The Przedbórz Synagogue was a wooden synagogue in Przedbórz, Poland.

History

A Jewish community is documented to have been established in Przedbórz by 1570. At the beginning of World War II, the town was 60% Jewish.

The building was erected after the previous synagogue burnt down in 1754, but completed by 1760, the date given on a wall painting.

It was destroyed in 1939.

Architecture

The synagogue of Przedbórz, regarded as one of Poland's "most beautiful" wooden synagogues, once drew tourists to the small town.

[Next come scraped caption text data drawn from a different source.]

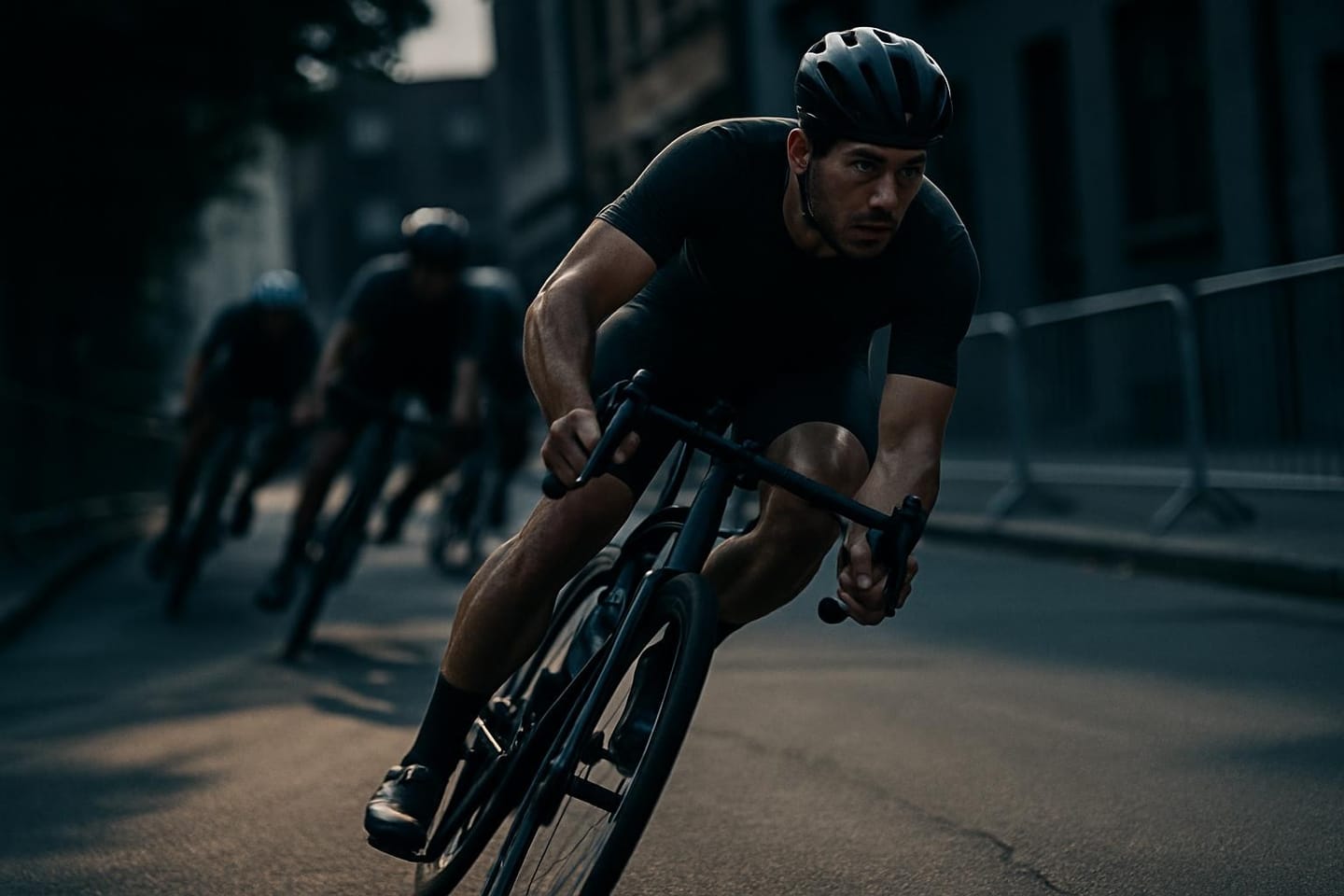 Entrenamiento para criterium: intensidad, táctica y afinamiento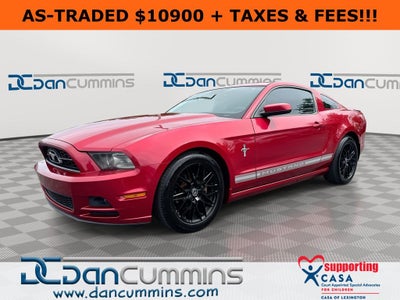 2013 Ford Mustang V6 Premium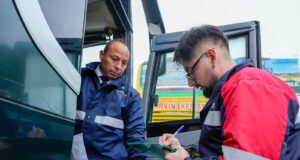 LA SUNAFIL REALIZÓ MÁS DE 5,700 INSPECCIONES EN EL SECTOR TRANSPORTE EN LOS ÚLTIMOS CINCO AÑOS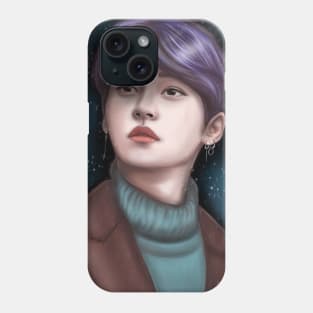 Lee Know, Minho, Limbo, Stray kids Phone Case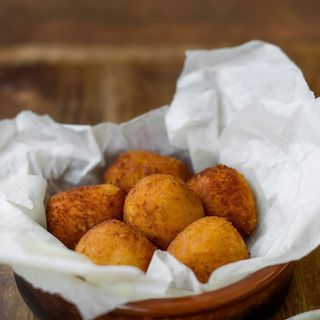 Croquetas de marisco (5 uds.)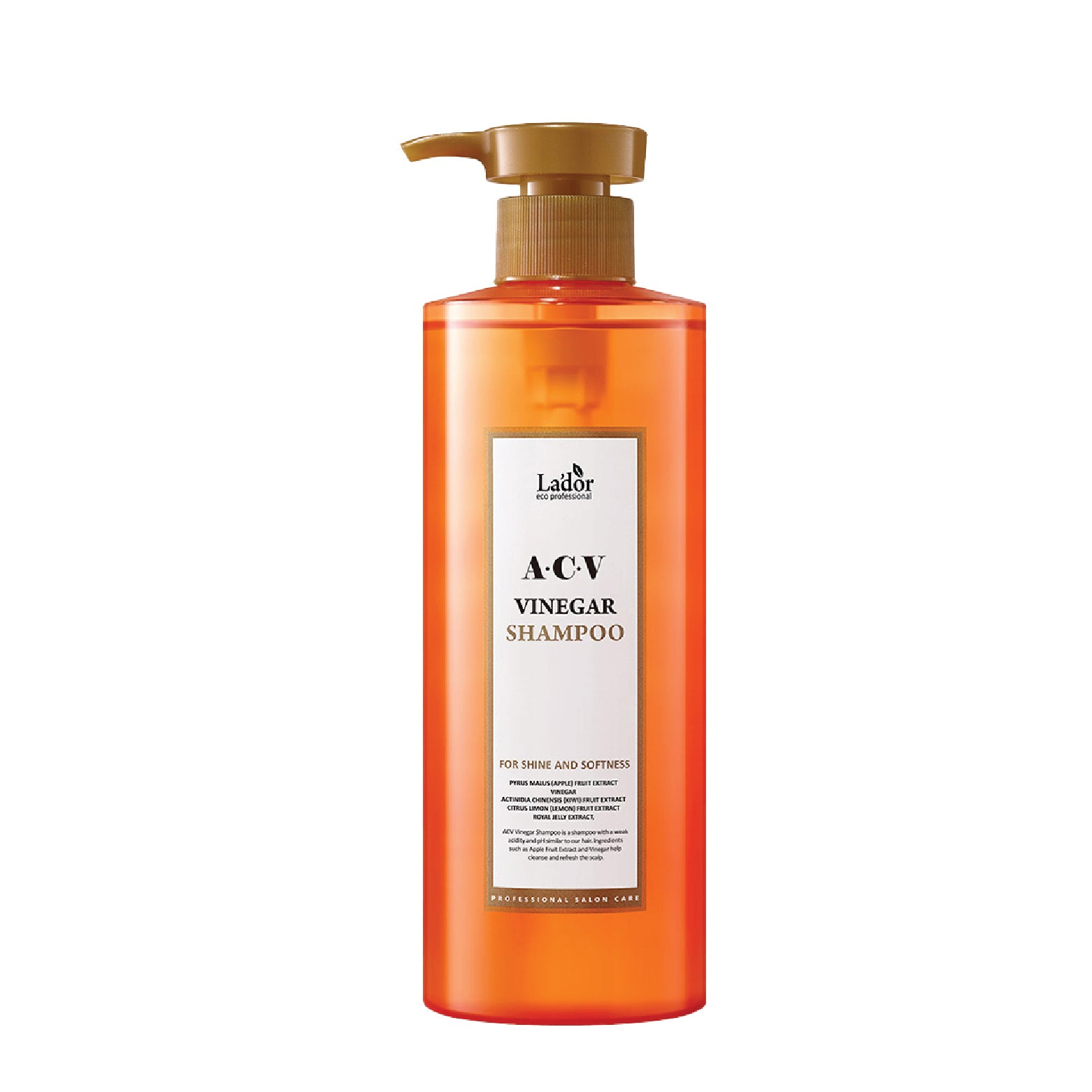 ACV VINEGAR SHAMPOO 430ML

The synagogue, built on a stone foundation, featured a main hall 14.20 meters long with a women's balcony above a large vestibule or side hall. The barrel vaulted main hall rose to a height of 8.80 meters.  The wooden, barrel vaulted ceiling was paneled in wood in an intricate lunette and star motif that gave something of the impression of an intricate, curved lattice work. An elaborate, octagonal, Baroque Bimah rose in three tiers almost to the ceiling, but ended in a decorative finial topped by an eagle with wings outspread, and did not touch or support the roof. The Baroque Torah Ark was elaborately carved with lions rampant, floral decorations, and animals.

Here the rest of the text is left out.